This is an image of Alfred Roller’s poster (1902) from the Gustav Mahler Exhibition – Vienna Secession.*
Austrian painter, graphic and set designer, Alfred Roller was born on 2nd October 1864, in Brünn, Mähren. Roller attended the Academy of Fine Arts in Vienna.
- He co-founded the Viennese Secession with Koloman Moser, Joseph Maria Olbrich, Josef Hoffmann, Gustav Klimt, and various others (1897).
- Two years later he became the Professor of Drawing at the University of Applied Arts, (Kunstgewerbeschule) in Vienna (1899); and President of the Secession (1902).

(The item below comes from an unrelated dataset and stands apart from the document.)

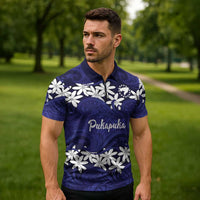 Personalised Cook Islands Pukapuka Zipper Polo Shirt Tiare Maori Polynesian Waves Tattoo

- He designed numerous covers and vignettes for the pages of the Secessionist periodical Ver Sacrum, as well as posters for the 4th, 14th and 16th Secession Exhibitions and the designing of the layout of the exhibitions.
- It was also in 1902, that Roller was introduced to the composer Gustav Mahler, who decided to employ Roller to design the sets for a new production.
- After this initial success, Roller continued to design sets for Mahler’s productions for many years.
- Eventually Roller left the Secession and his teaching post at the Kunstgewerbeschule to be appointed Chief Stage Designer to the Vienna State Opera – a position he held until 1909.
Alfred Roller died in Vienna on the 21st June, 1935.
*The Vienna Secession was the name given to a group of artists, architects and designers that broke away from the main establishment of Viennese artists to form their own group in 1897. Its radical period was brief. It was not characterized by any particular style, but it was linked closely with Jugendstil (youth style), a German adaptation of Art Nouveau.